These poll results are disastrous for the Green Party and the Dublin support figure offers more cause for concern than the national figures does, given that the party main support lies there and given that five of the party’s six TDs represent Dublin constituencies. With the party’s support levels in its strongest region now effectively less than half of what it was in 2007 and with an expected fall-off in transfers from other party, the party simply is in a position where it is not in contention for a seat in any constituency, with the exception, maybe, of Galway West,
So who would be the main winners and losers in this scenario? The simulation would predict the election of a raft of new Fine Gael and Labour TDs, such as John Paul Phelan (Carlow-Kilkenny), Fidelma Healy-Eames (Galway West) and Mairéad McGuinness (Louth) for Fine Gael, and Ann Phelan (Carlow-Kilkenny), Eric Byrne and Rebecca Moynihan (Dublin South Central), Eamonn Maloney (Dublin South West) and Alex White (Dublin South) for Labour. It also suggests that Sinn Fein would gains in constituencies such as Donegal North East (Padraig McLochlainn) and Donegal South West (Pearse Doherty), while Toireasa Ferris would be predicted to top the poll in Kerry North. On the other hand, the simulation suggest that a number of senior Fianna Fáil figures would lose their seats, including Pat Carey (Dublin North West), Brian Lenihan (Dublin West), Barry Andrews (Dún Laoghaire), Conor Lenihan (Dublin South West) and Seán Ardagh (Dublin South Central), with Mary Hanafin’s seat (Dún Laoghaire) also emerging as vulnerable.
In terms of government formation, despite Sinn Féin’s strong showing this simulation would discount the involvement of the smaller parties as potential coalition partners, leaving only three potential government options – Fine Gael/Labour (109 seats), Fianna Fail/Labour (94 seats) or Fianna Fail/Fine Gael (95 seats). If the latter is discounted as a potential government option, this leaves Labour with the choice of being a junior or equal partner in a Fine Gael-Labour government or becoming the senior partner in a coalition with Fianna Fail with Eamonn Gilmore as Taoiseach.
Finally, the C.M.A. provisions! It is important to take cognisance of the timing of this poll; there are still two years to run in the lifetime of the present Dail meaning that Fianna Fáil still has ample time to claw back lost ground. It is also worth noting that Fianna Fail support would, when it comes closer to polling day, be enhanced by the popularity of local representatives – the likelihood of people voting for individual Fianna Fáil candidates (rather than the Fianna Fáil party) would probably see support for this party registering at a higher level than polls are predicting – as well as its stronger local organisation network. Labour’s inherent weakness in rural and western parts of the state suggests that increased support for the party must plateau at a certain level – probably around the low 20s unless the Gilmore Gale assume hurricane proportions – and it is still worth noting that Labour remains a small party in organization terms, lacking at present the membership and financial levels to battle Fine Gael and Fianna Fáil on a evle playing field. Ultimately, I still think we are in “Nick Clegg poll figures following the first leadership debate territory” (although Labour support levels have registered consistently high in a number of recent polls) and do not expect Labour to outpoll the two main parties come the next general election. Should this happen, then we are in serious political realignment territory and facing into the most dramatic change to the Irish political landscape since the founding of the State.

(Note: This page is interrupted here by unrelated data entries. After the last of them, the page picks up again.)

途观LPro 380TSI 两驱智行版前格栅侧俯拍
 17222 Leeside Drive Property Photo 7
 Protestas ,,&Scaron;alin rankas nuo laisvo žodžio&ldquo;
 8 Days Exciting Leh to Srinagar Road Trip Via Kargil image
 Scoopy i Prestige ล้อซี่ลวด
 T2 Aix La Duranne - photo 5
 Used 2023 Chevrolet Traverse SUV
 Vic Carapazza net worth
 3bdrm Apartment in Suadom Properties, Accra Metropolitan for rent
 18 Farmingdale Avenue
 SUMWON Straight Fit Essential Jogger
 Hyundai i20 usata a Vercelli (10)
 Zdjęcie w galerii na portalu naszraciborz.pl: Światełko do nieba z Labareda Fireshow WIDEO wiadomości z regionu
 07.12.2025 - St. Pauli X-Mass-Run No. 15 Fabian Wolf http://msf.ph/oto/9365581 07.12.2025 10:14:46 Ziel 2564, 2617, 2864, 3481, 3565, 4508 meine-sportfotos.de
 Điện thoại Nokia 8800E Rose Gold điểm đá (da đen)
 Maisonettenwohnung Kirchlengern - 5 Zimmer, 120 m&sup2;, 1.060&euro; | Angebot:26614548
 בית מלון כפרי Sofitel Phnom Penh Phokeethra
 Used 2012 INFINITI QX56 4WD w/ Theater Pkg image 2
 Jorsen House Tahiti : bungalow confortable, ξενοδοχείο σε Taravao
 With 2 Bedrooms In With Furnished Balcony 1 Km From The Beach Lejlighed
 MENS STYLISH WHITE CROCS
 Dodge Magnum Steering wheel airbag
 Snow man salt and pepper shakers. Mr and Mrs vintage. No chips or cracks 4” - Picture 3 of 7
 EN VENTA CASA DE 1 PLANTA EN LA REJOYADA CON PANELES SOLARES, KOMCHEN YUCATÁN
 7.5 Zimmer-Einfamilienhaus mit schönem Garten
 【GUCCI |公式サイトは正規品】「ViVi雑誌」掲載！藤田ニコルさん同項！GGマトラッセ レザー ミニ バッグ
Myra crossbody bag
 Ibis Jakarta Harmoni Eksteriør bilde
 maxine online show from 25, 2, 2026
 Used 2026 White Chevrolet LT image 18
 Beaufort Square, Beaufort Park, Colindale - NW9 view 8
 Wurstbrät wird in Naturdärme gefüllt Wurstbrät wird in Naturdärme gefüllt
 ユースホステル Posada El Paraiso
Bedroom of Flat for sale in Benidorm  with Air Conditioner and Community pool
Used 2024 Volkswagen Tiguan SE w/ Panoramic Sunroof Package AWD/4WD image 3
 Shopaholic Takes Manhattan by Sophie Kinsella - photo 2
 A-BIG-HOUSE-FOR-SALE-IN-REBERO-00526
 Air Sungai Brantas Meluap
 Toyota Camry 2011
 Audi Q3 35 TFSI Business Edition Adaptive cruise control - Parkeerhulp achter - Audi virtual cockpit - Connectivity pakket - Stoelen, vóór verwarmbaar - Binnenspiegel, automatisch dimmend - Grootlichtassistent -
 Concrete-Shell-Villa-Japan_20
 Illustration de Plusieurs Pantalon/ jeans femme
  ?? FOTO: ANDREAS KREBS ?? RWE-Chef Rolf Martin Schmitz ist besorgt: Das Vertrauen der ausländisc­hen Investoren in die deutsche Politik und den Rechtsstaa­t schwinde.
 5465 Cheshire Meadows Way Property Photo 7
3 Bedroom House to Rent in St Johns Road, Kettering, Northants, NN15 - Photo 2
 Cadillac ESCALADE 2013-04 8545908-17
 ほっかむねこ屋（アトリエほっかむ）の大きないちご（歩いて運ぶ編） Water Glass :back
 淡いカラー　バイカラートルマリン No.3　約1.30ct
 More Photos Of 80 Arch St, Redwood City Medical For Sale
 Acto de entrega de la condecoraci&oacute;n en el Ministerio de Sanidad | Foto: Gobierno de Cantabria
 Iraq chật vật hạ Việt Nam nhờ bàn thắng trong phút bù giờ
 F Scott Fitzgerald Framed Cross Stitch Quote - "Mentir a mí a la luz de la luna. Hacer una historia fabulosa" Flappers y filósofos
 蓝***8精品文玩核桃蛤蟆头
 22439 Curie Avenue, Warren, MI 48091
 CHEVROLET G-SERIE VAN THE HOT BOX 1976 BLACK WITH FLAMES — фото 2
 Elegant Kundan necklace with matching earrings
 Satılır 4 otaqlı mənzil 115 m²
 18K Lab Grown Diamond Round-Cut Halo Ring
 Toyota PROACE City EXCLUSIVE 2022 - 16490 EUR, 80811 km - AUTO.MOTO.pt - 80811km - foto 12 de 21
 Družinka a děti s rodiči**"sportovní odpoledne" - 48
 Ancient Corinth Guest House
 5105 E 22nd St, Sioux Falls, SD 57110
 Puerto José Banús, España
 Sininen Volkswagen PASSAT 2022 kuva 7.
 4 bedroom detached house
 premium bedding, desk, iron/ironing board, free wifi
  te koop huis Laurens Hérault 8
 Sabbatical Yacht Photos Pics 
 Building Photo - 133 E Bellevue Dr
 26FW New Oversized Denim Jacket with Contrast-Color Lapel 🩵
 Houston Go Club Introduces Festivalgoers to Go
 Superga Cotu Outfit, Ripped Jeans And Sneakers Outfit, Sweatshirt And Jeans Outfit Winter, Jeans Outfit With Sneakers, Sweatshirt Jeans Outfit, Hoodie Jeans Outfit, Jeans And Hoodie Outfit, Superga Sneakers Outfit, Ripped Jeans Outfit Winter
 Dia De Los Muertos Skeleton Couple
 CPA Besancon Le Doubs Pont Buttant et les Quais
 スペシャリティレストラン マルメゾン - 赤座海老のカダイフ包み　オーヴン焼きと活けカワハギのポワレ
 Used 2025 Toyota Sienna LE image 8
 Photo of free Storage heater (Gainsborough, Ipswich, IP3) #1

22 thoughts on “The Irish Times/Ispos MRBI poll: A Geographical Dissection”
An excellent post with some very interesting questions posed. I would tend to agree with your analysis regarding the Labour Partys ability to turn their popularity into seats. The party does not have an organisation big enough to deal with such a large surge in support. Your predictions for example have them picking up two seats in many consitiuencies when they have not even run two candidates in most of them previously. If the organisation can be built up or suitable candidates found remains to be seen.
A final note is just with regard to personal ideological beliefs. I wonder why so many posters on this forum find recent events exciting. Is it because of the changing political landscape or because many would be aligned to the political ideology of the party assumed to gain most from recent polls? I wonder if a similar, almost universially positive, attitude would be so common if it were Sinn Fein who were making these gains?
I’d be wary of going to such a low level in already-small poll. The sample size was 1,000, so you’re looking at between 20 and 25 voters per constituency surveyed.
It’s difficult to reasonably draw any conclusions from those numbers, as tempting as it is.
Figures are based on provincial support level figures and analysis is generated around changing support levels at provincial level since 2007 (thus based on sample sizes of presumably 200-300 respondents). They are not based on constituency level polling figures; I would not even have access to those anyway!
Sinn Fein did not exist in the 1920’s. The Sinn Fein from the 20’s was actually the party we now call Fine Gael.
It would be helpful to the promotion of informed discussion if you could either amplify your statement here or point to some sources that would do so – not necessarily online sources.
Interesting piece, certainly lot’s food for thought. Notwithstanding previous health warnings on the limited sample size it’s a good analysis.
The local factors probably need further weighting, for example, in a constituency like Dún Laoghaire it’s more likely Richard Boyd Barrett will be elected as opposed to a second seat for Labour.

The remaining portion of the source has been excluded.